Top of INFORMATION SHOWN
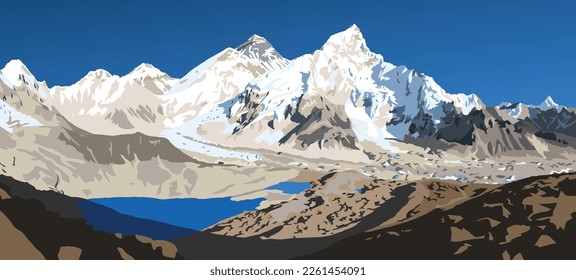 mount Everest and Nuptse from Nepal side as seen from Kala Patthar peak, vector illustration, Mt Everest 8,848 m, Khumbu valley, Sagarmatha national park, Nepal Himalaya mountain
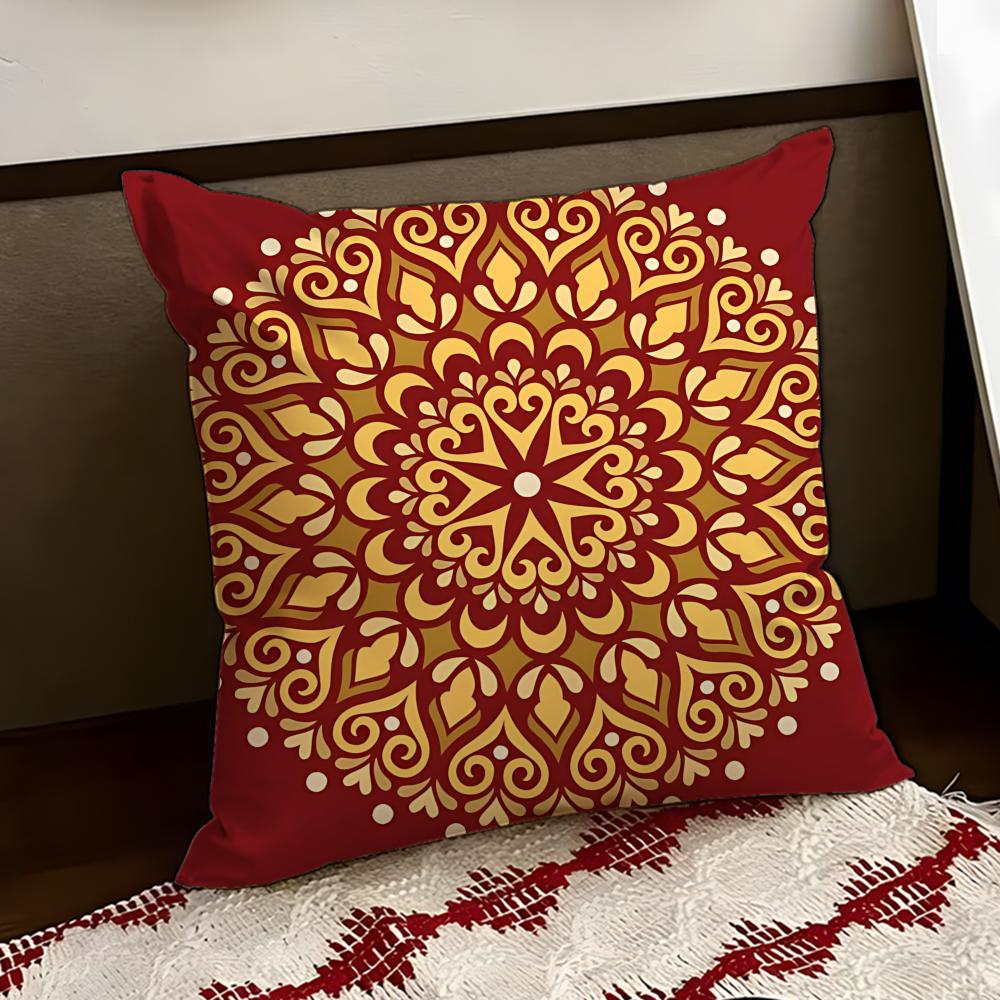 Quaint European Retro Motif Cushion Cover Reversible Soft Durable Pillow Cover Home  Car MultiScene Use for Daily Comfort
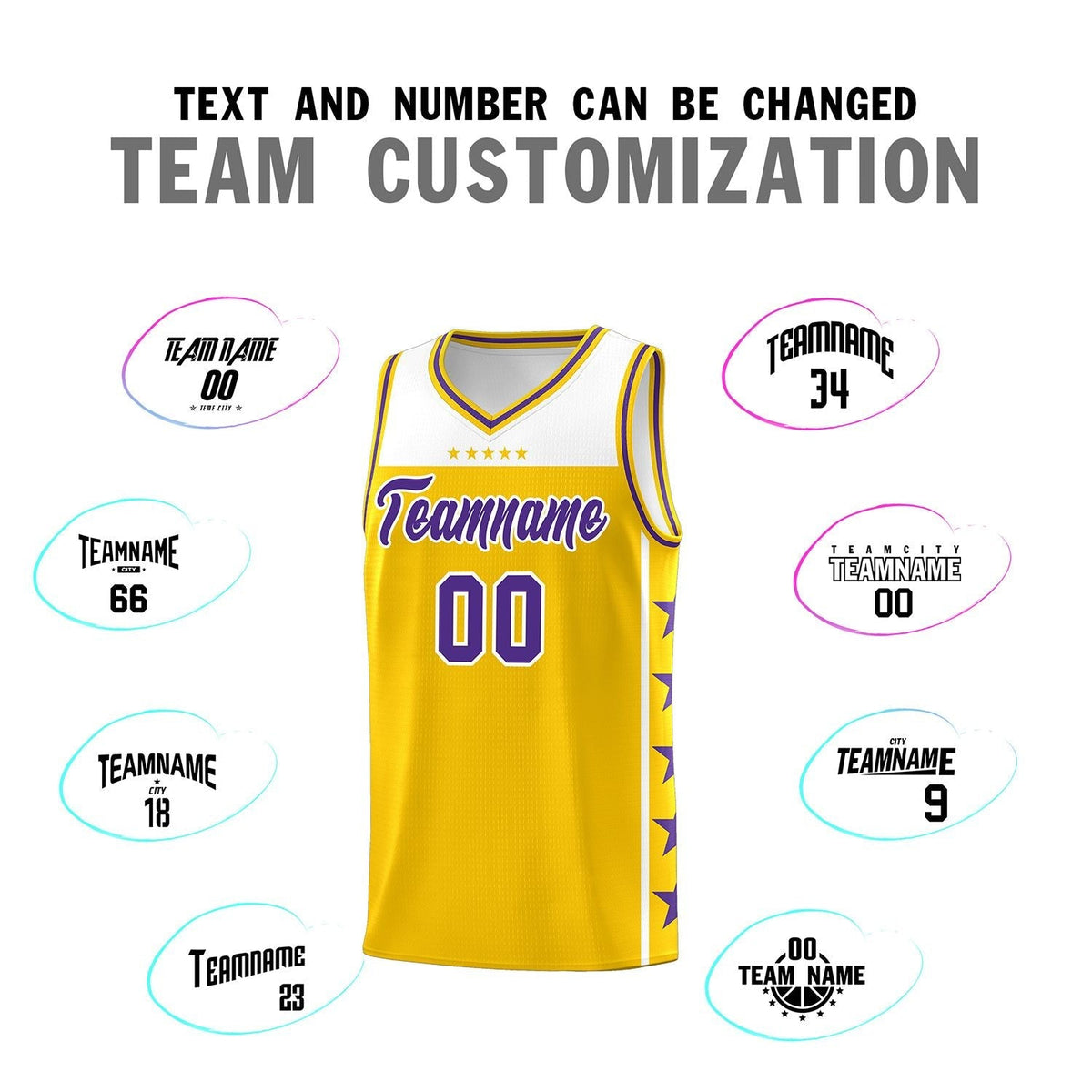 Custom Gold Purple Personalized Star Pattern Sports Uniform Basketball Jersey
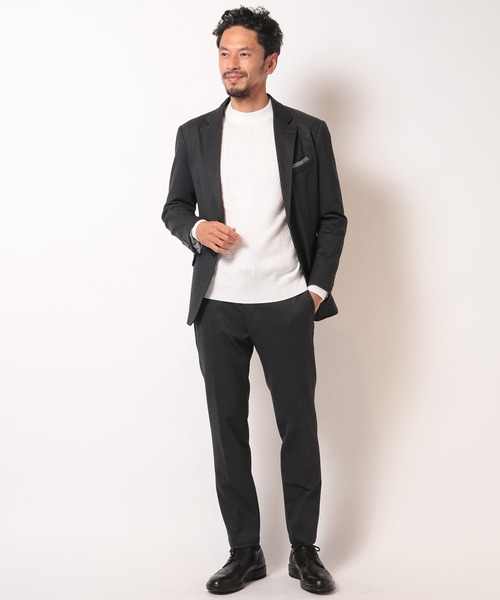 MEN'S BIGI(メンズビギ)の「12Gパッチワーク風ジャガードニット(ニット/セーター・メンズ・ホワイト/ブラック/ダークブルー・01/02/03)」の20枚目の写真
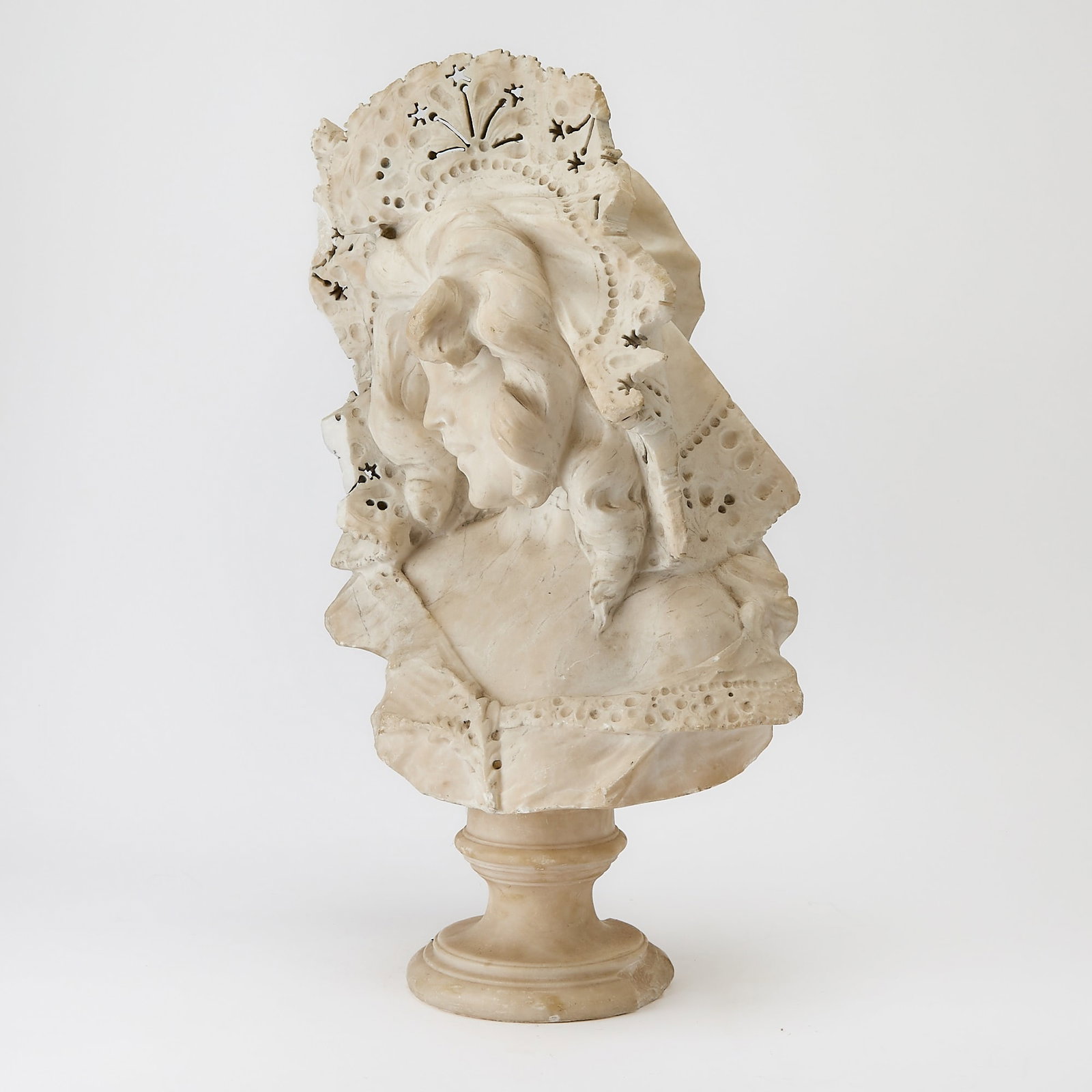 Italian Carved Alabaster Bust of a Woman (1 of 6)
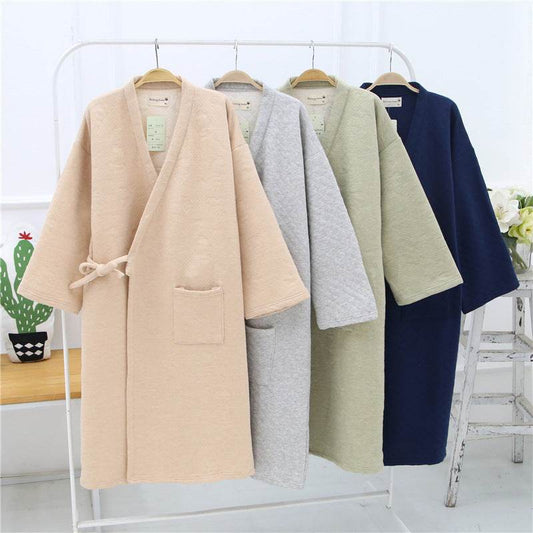 Loose Cotton Bathrobe - Stylish and Comfortable Spa Robe for Relaxation - Buy Center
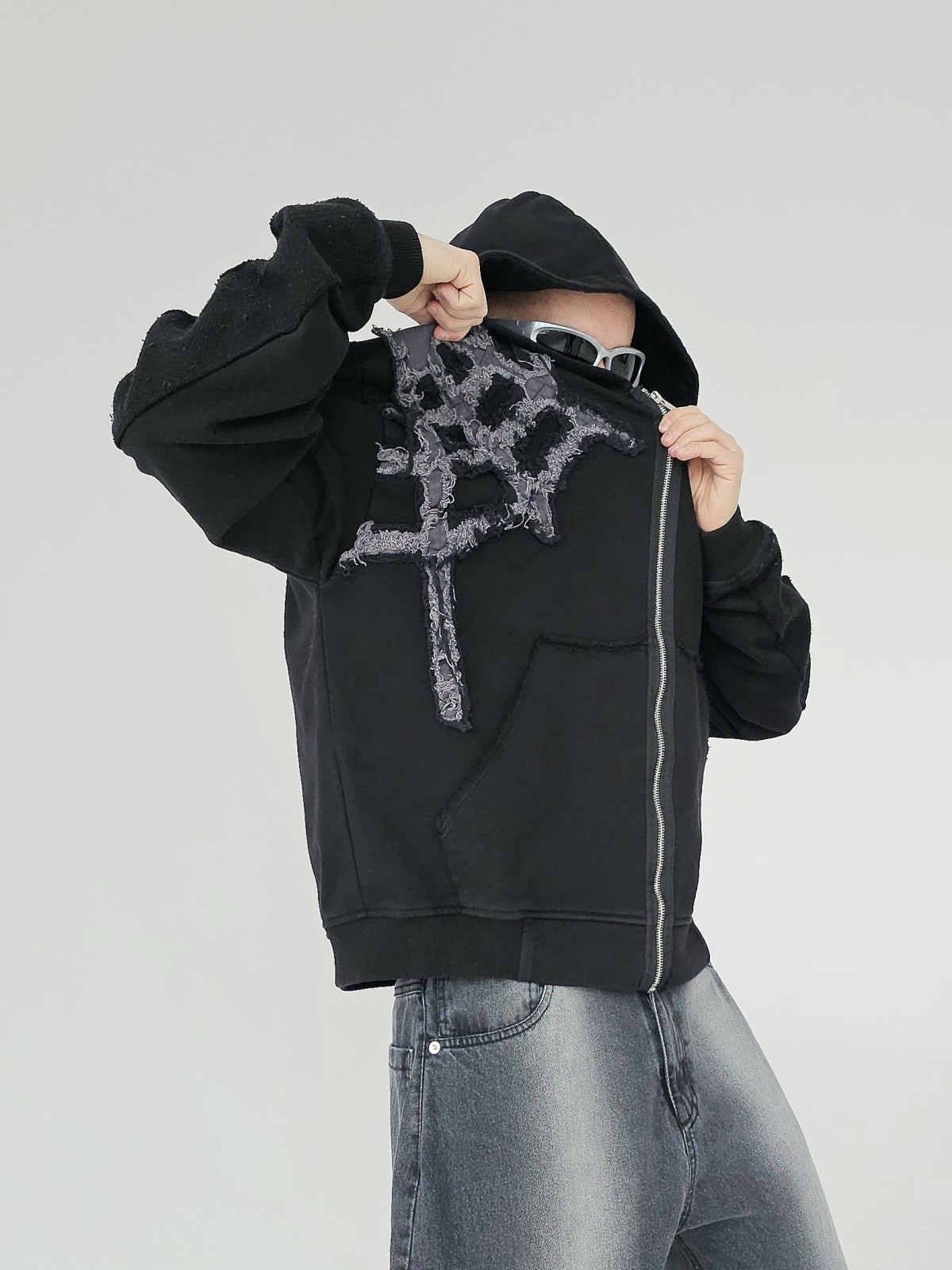 Distressed spiderweb 3.0 zip hoodie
Bottom of INFORMATION SHOWN
- **EXERCISE INSTRUCTIONS**
Each line from the one that holds "Italian Carved Alabaster" through the end of the entries must be returned exactly, while any pictures stay out.

- **SOLUTION TO THE EXERCISE**
 Italian Carved Alabaster Bust of a Woman (1 of 6)
 Loose Cotton Bathrobe - Stylish and Comfortable Spa Robe for Relaxation - Buy Center
 Distressed spiderweb 3.0 zip hoodie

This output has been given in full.